Within the last four years, people in Northern Ireland have voted in four elections; two to elect MPs to the UK Parliament at Westminster and two to elect MLAs to the Northern Ireland Assembly; and that’s before we count the by-elections which we have had along the way or, indeed, the seemingly all-engulfing Brexit referendum which has taken up the bandwidth of politics across the UK and Ireland.
In slightly more than four weeks’ time we will be going to the polls again, this time to elect representatives to our local councils.
This is the first local government election since the new ‘super councils’ have been fully operational.
While the reform that followed the Review of Public Administration, which shrank our pre-existing 26 councils down to 11, has brought some positive benefits, there is still much progress to be made.
There is a justifiable degree of dissatisfaction with politics, given that the last Assembly election in March 2017 has yet to deliver a functioning devolved government but during the political impasse, which has lasted more than two years, necessary action on infrastructure, skills and enhancing rates relief has not been taken.
However, it would be wrong to allow this frustration to lead to disengagement with politics in general.
Citizens, and perhaps most importantly, business owners, should continue to engage with policy makers.
As the posters go up on the lamppost, leaflets come through the letterbox and canvassers appear at the doorstep, we should consider how the various policy priorities and ideas for the local area will impact your business, for better or for worse.

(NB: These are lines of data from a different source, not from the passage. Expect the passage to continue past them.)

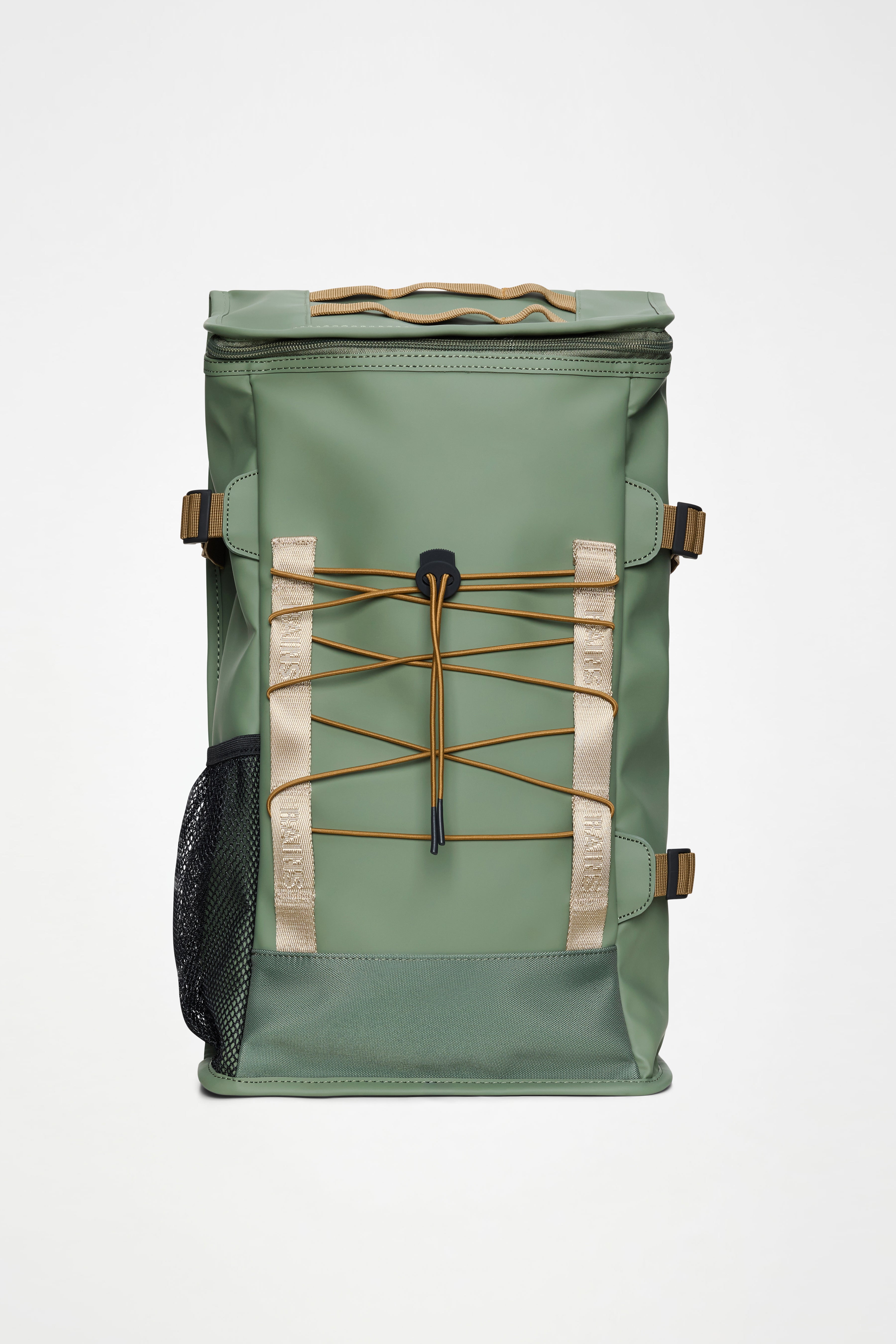 Mochila Trail Mountaineer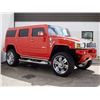 Image 5 : 2008 HUMMER H-2 SUV 4X4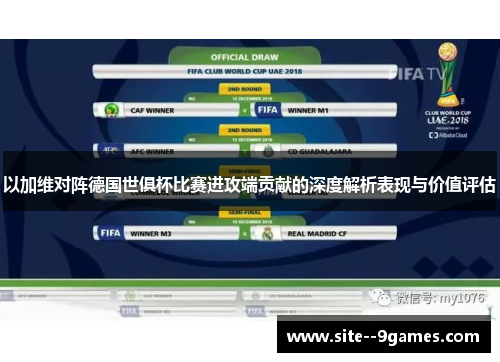 以加维对阵德国世俱杯比赛进攻端贡献的深度解析表现与价值评估 以加维对阵德国世俱杯比赛进攻端贡献的深度解析表现与价值评估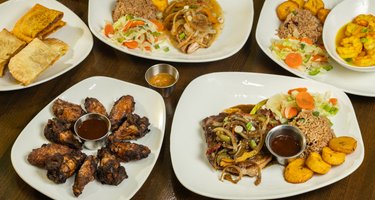 Tru Jamaica Restaurant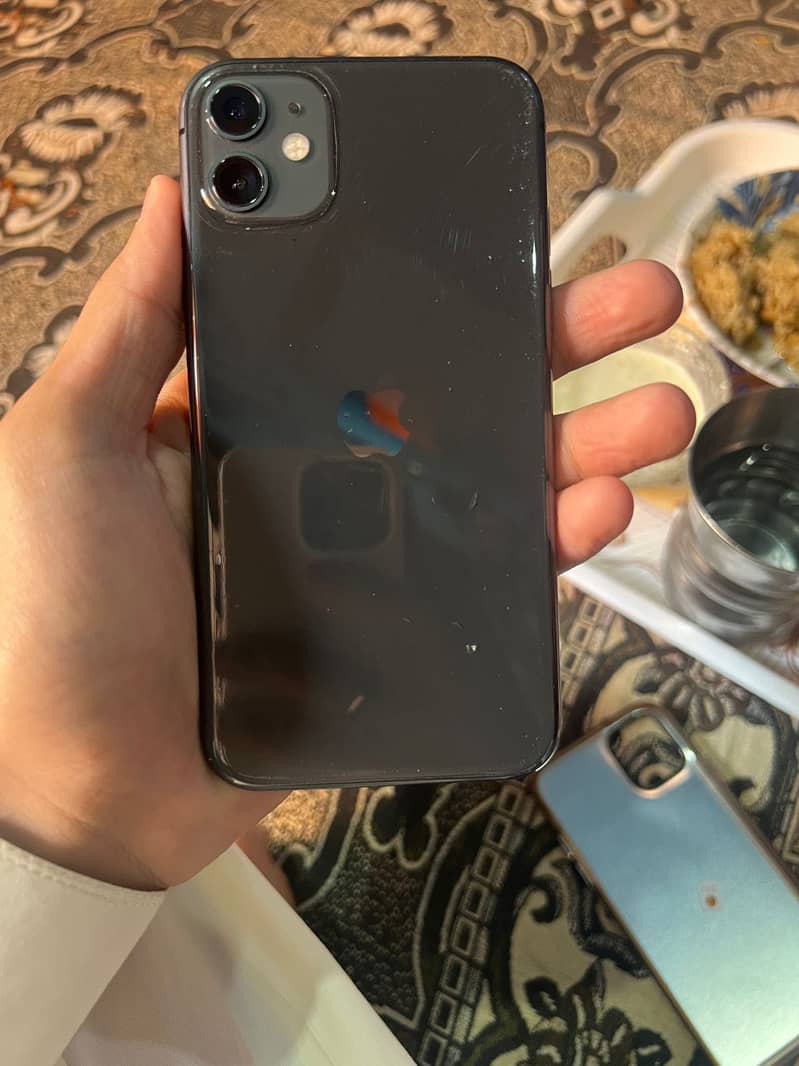 IPhone 11 Jv 2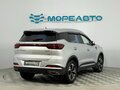 2023 Chery Tiggo 7 Pro Max I, серебристый, 1955000 рублей - вид 4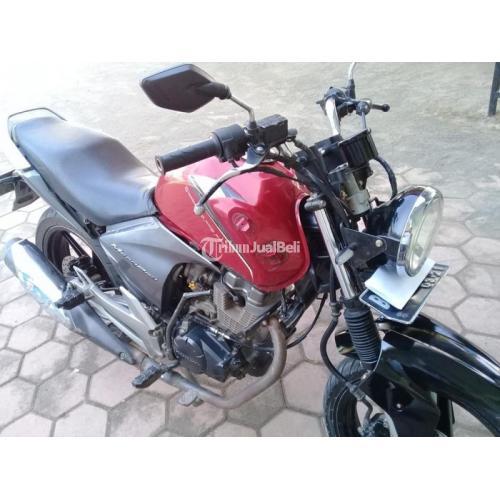 Motor New Honda Megapro Bekas Tahun 2011 Mulus Pajak Off Lengkap Nego ...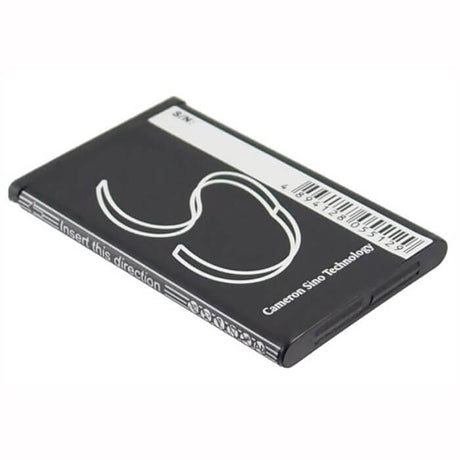 3.7V, Li-ion, 800mAh, SmartPhone battery fits Orange, T-mobile, Huawei, Hb4a3, G6620, G7210, 2.96Wh Mobile, SmartPhone Cameron Sino Technology Limited (Smartphone)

For our part, as the voice of SMEs, FSB will be producing our own local government manifesto outlining areas where policy improvements can be made to help small business flourish, on issues where councils have responsibility.
While we will publish our manifesto in full soon, a key ask will be focused on improving the planning process, to make it more efficient, streamlined and geared towards increasing economic activity in the local area. Planners should approach applications with a ‘how can we make this work’ approach, rather than ‘this can’t be done’.

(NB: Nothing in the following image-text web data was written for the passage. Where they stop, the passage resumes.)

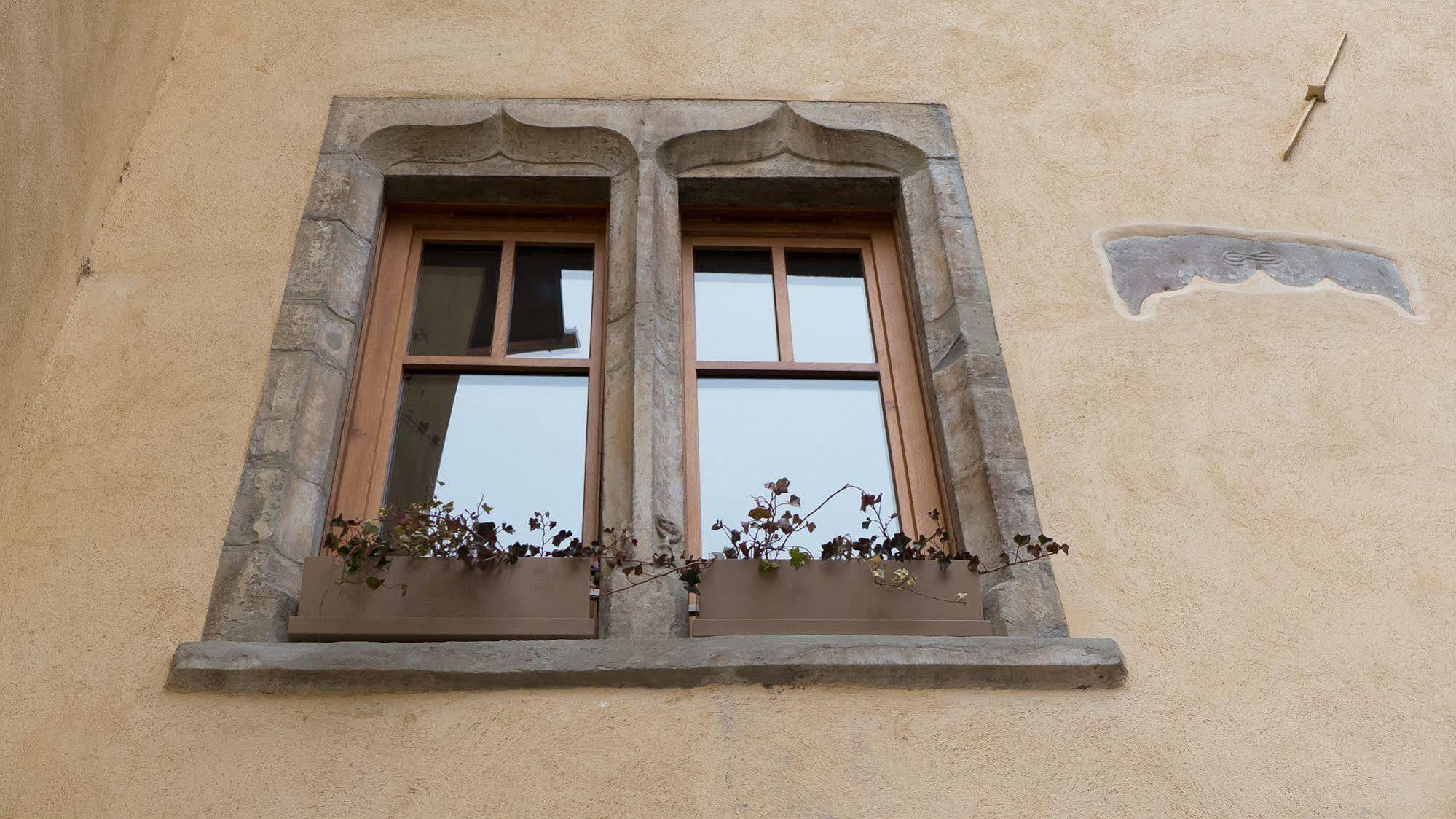 Les Loges Annecy Vieille Ville Dış mekan fotoğraf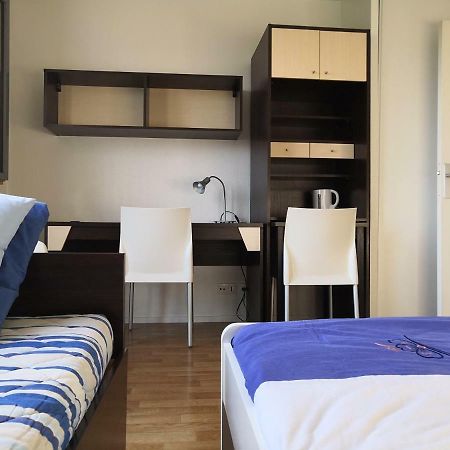 Studio Lumineux 10 Min A La Defense Rueil-Malmaison Luaran gambar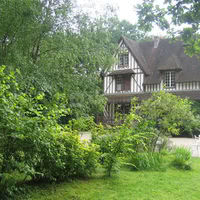 Manoir Saint Hubert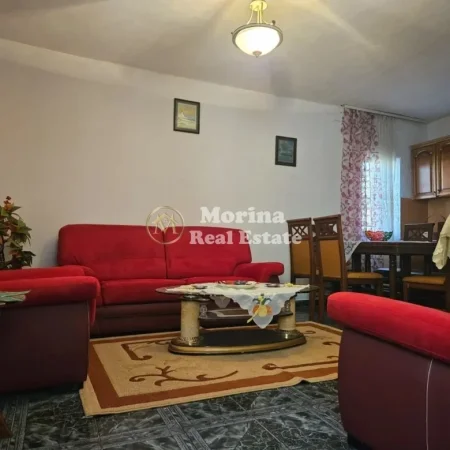 Tirane, jepet me qera shtepi 2+1 Kati 1, 80 m² 450 € (Astir)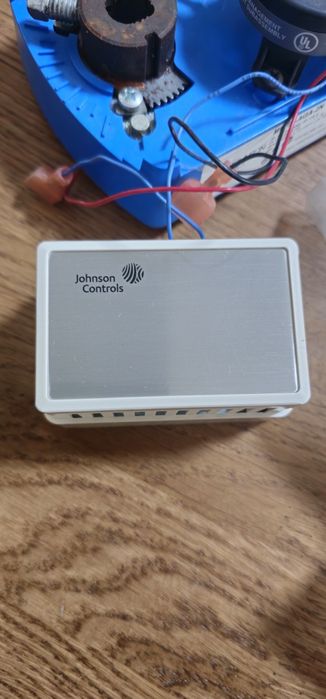 Johnson Controls TE-6311P-1
JOHNSON CONTROLS TE-6311P-1
Johnson Contro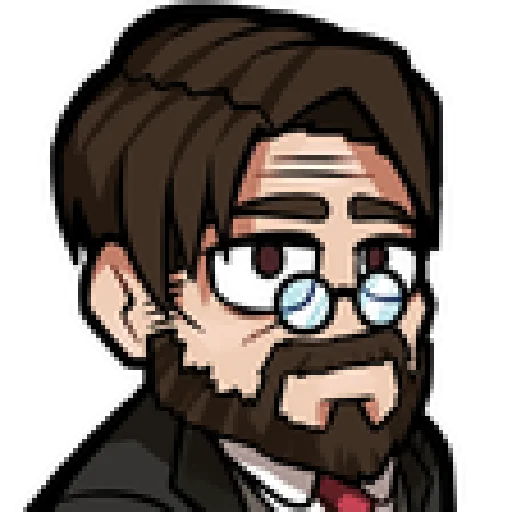 Sticker emotecell - 1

One area where councils need to put their own house in order is in relation to paying businesses promptly.
Much has been made recently regarding larger businesses treating firms in their supply chain unfairly, but local government must also ensure its performance is up to scratch.
In 2017-18 in Northern Ireland, only 48 percent of invoices were paid within ten working days by the local councils and 17 percent of invoices were still not paid after 30 calendar days.
Our councils should be beacons of best practice in this regard, and should not be creating unnecessary difficulties for the SMEs which serve the community – hence the need to ask what councils can do for business.
And in the spirit of councils working with business, the recently approved Belfast Region City Deal featured collaboration by six of our local councils, central and regional government, the private sector and universities.
This will bring a bespoke package of funding and decision making powers with the aim of harnessing additional investment, creating new jobs and accelerating inclusive economic growth.
Going forward, this collaboration should form a blue print to other initiatives, demonstrating what can be achieved as different stakeholders from the public and private sectors work in partnership.
FSB successfully lobbied the UK Government for the Belfast Region City Deal to be introduced and we continue to urge progression of a City Deal for Derry/Londonderry City Region. It’s crucial as the City Deal projects progress there is a key role for SMEs within them to maximise regeneration and social benefit. As we approach the local government elections, we must focus on what councils can do better to improve the local economic environment for small businesses. Sometimes it may be the case that councils can offer additional support and guidance to SMEs; on other occasions it may be a case of removing barriers, speeding up processes and trimming down unnecessary red tape.
Above all, we hope that prospective councillors listen to small businesses, recognise their role as the drivers of the local economy and place their needs and concerns at the heart of local government.